The former home of the Greater London Council on the south bank of the Thames is to be transformed into a 570-bedroom hotel and leisure complex with an emphasis on 'family and fun'.
Attractions at the pounds 150m complex will include a wedding chapel; walk-through aquarium; a virtual reality entertainment centre; a museum; a family library and business conference rooms. There will be French, British, Chinese and Japanese restaurants, shops and a creche. Most will be open to the public and some, such as the library and museum, will be free of charge.
All the bedrooms will have views of the Thames and the Houses of Parliament. A room for a family of four is likely to cost less than pounds 100 per night. Should the project move to a second phase, the number of bedrooms could be expanded to 1,200 - although not all facing the river - making this the largest hotel in London.
Mac Toyota, managing director of Shirayama in Europe, said all the historic features would be preserved and treated with sensitivity. The tiered council chamber, meeting rooms and ballrooms will remain with their original features, such as wood panelling and chandeliers.

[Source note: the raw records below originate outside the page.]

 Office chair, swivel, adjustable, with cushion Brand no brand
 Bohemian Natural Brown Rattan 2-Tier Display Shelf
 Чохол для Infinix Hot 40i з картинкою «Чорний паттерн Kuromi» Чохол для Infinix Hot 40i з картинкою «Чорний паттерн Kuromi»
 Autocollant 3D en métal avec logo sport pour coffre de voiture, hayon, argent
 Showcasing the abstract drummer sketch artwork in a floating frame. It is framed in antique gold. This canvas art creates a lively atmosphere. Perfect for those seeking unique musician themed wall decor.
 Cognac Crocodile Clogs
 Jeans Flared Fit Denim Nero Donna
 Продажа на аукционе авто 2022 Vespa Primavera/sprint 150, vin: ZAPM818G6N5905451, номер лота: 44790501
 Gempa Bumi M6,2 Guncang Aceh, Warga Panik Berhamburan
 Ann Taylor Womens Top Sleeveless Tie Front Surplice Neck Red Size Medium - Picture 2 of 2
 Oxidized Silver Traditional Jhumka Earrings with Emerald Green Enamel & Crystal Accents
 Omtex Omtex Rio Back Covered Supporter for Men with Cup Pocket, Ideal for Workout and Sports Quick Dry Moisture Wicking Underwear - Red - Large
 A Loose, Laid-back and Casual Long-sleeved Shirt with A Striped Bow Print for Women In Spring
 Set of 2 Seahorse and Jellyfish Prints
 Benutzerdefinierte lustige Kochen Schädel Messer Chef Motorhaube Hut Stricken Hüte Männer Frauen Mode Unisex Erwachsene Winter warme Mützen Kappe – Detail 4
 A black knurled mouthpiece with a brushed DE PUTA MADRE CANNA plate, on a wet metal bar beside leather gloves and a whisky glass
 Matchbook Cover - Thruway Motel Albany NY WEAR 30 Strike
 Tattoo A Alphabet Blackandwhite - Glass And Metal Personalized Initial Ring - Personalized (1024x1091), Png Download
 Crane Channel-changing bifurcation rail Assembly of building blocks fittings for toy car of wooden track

'The hotel will be the first in London to pledge itself to offering four- star hotel luxury at accessible and affordable prices,' Mr Toyota said.
The 50/50 joint partnership between Virgin and Shirayama will be capitalised at pounds 10bn. The joint company will manage the County Hall project under a lease from the Japanese parent group, which is financing the pounds 150m scheme from its internal resources.
The joint venture was agreed only last week, although Virgin, which owns hotels in Britain and Spain, was approached by the Japanese almost a year ago and has been secretly involved in planning since then. At the end of last year, Mr Toyota was quoted as likening his philosophy to that of Mr Branson.
Mr Branson said there were tentative plans to build a walkway from the international rail terminal being built at Waterloo Station. Talks are also under way for the redevelopment of an adjacent site, which Virgin envisages could become an international trade fair centre, again capitalising on the proximity to Waterloo. The site, which houses former annex buildings to County Hall, belongs to the London Residuary Body.